[identity profile] ragetti-wench.livejournal.com posting in [community profile] trans

 I've been giving a lot of thought recently to my current religious faith and questioning myself more and more. Allow me to give a little background info to make this all relevant. I'm a pre-everything FtM living in the Bible Belt, so I've had Christianity shoved down my throat for years. While I don't necessarily reject Christianity, I also strongly identify as Ishtaritu (a Goddess worshipper). I've recently outed myself this past year as FtM and it's raised a lot of questions from my friends and family, especially concerning the fact that I do believe in a femminine divine. Ishtaritu, especially, have a predominantly female following and use the body as a temple during worship, but I find myself conflicted since I reject my femminine aspects. I'm finding it difficult to embrace my faith without compromising myself.

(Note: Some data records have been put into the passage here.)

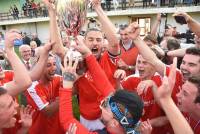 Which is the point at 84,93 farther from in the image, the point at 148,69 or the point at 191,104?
the point at 191,104

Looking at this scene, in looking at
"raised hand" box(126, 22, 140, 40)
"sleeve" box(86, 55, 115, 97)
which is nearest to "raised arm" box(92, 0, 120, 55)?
"raised hand" box(126, 22, 140, 40)

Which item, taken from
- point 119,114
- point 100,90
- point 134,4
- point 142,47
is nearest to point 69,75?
point 100,90

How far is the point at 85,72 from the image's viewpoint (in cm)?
373

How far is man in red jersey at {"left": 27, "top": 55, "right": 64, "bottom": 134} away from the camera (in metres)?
3.59

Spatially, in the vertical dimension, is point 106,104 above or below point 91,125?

My question is, is there anyone else that has come into this sort of conflict and how have you dealt with it?

X-posted to [livejournal.com profile] open_transgendr and [livejournal.com profile] femme_ftm 


**Edit: I realize I might not have been as clear as I'd meant to be when I said "femenine aspects". What I was referring to was my female body. Ishtaritu revere the female body as a "temple" during sexual worship and as such, women have a greater connection with the Goddess. I was merely worried that, being male, I would eventually lose that connection with Her.